第2話 校長レトロ説
「さっきの話、聞いてた?」
昼休み、教室の窓際でパンを食べていたぼくに、友達の一人が声をかけてきた。
机の上に肘をつきながら、トレイの上に残ったパンの耳をつまむその姿は、いつも通り気だるげで、悪気なんてこれっぽっちもない。
「どの話?」とぼくが聞き返すと、相手はやや誇張された目つきで笑った。
「朝礼。校長の。あれ、何回目の“時間を守ろう”だと思う?」
「……五回目くらい?」
「甘い。七回目」
隣の席の子が笑いながら割り込んできて、机の上を指でトントンと叩いた。
「録音してカウントしてるやついるらしいよ。“校長講話のデジャヴ記録”ってタグまで作ってさ」
「マジか」
「マジ」
みんなで小さく笑う。その中心には、別に悪意なんてない。ただの昼休みの軽口。
でも、確かにそこには「飽き」と「諦め」の空気が漂っていた。
ぼくは窓の外を見た。
グラウンドではサッカー部がボールを蹴っていて、その向こうで吹いている風が、ちょうどいい感じに雲をちぎっていた。
その光景は、何だかやけに遠くに思えた。
「で、聞いた? さっきの校長のやつ」
「何を?」
「“昭和の電車は、時間が1分でも遅れたら、駅員さんが走って詫びた”ってやつ」
「……ああ、それ、たぶん3回目くらい」
「やっぱり!」
笑い声が弾ける。
その瞬間、クラスのあちこちで小さな共鳴が起こって、みんなが“校長講話あるある”で盛り上がり始めた。
「電車の例え、絶対昭和限定だよな」
「“レコードが〜”とか、“ポケベルの〜”って言ってた時もあったよ」
「え、ポケベルって何?」
「それな。もはや校長の講話、親世代用の古文書」
「タグつけるなら“#校長レトロ説”じゃね?」
「爆笑www」
その言葉を聞いたとき、ぼくの頭の中が、ちょっとだけ光った。
その場では笑わなかったけれど、内側では確かに何かが反応していた。
さっそくスマホをポケットから取り出して、タイミングを見て廊下に出た。
【#校長レトロ説】
「昔は電車が1分遅れたら駅員が土下座してた」
「レコードの溝は心の溝」
「目覚まし時計のベルで人間力を鍛える」
語録としての完成度が高すぎる。
もはや神話の語り部。
投稿ボタンを押したあと、スマホを見つめながら、ぼくはしばらく静かに立ち尽くしていた。

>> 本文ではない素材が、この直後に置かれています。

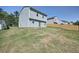 A two-story home with a grassy backyard, trees and a partial fence in the distance at 5675 Laurel Ridge Cir, Atlanta, GA 30344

この指先から飛んでいった言葉が、どこか遠くの誰かに届くのかもしれない。
誰かがそれを見て笑って、また別の誰かに伝わっていく。
ぼくの知らないところで、ぼくの言葉が拡がっていく。
そのことを想像するたびに、胸の奥がざわざわして、息が浅くなる。
「……届いてるんだよな」
ぼそっとつぶやいた声は、誰にも聞こえなかった。
現実の世界では、ぼくの声は小さすぎて、聞こえない。
言おうと思っても、うまく声にならなくて、のどの奥でつかえる。
でも、文字なら言える。
文字なら、間違っても、誰にも見られても、取り繕える。
自分の言葉を、相手の想像に委ねることができるから。
廊下の向こうで、チャイムが鳴った。
昼休みが終わる。
ぼくはスマホをポケットにしまい、教室へ戻る。
誰も、ぼくが何をしていたかなんて気づかない。
それでいい。
そう思っていた。
本当は、ちょっとだけ、何かを望んでいたくせに。
教室のドアを開けたとき、背後から一つの通知音が鳴った。
スマホの画面に表示されたのは──
【坂井校長があなたのポストをリツイートしました】
一瞬、時が止まった。
その文字列を見たまま、ぼくの手は固まり、背中に冷たい汗がつうっと流れた。
なぜ“校長”の名前が、ここに?
しかも……“ぼくの投稿”をリツイート?
心臓が、大きく脈打った。
「やばい……見つかった?」
次の瞬間、鼓膜の裏側で、鼓動の音が膨らんでいく。
教室のざわめきが、やけに遠くに聞こえた。